# REQUIRED ACTION:
Copy out the entries below exactly as they stand, but only from the line containing "Bowery Hill Traditional" through the line containing "Egypt Hieroglyphics Pattern".

::: RECORD SET

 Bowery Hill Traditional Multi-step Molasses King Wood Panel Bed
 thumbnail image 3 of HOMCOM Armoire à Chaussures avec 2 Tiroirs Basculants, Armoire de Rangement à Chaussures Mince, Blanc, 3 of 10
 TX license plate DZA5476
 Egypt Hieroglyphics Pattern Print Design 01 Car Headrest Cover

::::::
::: RECORD SET

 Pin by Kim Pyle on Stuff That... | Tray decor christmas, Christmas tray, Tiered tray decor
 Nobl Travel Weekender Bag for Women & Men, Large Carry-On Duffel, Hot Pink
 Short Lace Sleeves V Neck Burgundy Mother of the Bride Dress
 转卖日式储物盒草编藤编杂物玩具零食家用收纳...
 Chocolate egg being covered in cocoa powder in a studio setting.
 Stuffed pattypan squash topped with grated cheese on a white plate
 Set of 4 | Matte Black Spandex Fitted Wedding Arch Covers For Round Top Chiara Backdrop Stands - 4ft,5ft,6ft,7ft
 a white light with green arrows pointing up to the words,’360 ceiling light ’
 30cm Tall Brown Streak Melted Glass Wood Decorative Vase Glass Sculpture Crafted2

::::::

# ANSWER BOX:
 Bowery Hill Traditional Multi-step Molasses King Wood Panel Bed
 thumbnail image 3 of HOMCOM Armoire à Chaussures avec 2 Tiroirs Basculants, Armoire de Rangement à Chaussures Mince, Blanc, 3 of 10
 TX license plate DZA5476
 Egypt Hieroglyphics Pattern Print Design 01 Car Headrest Cover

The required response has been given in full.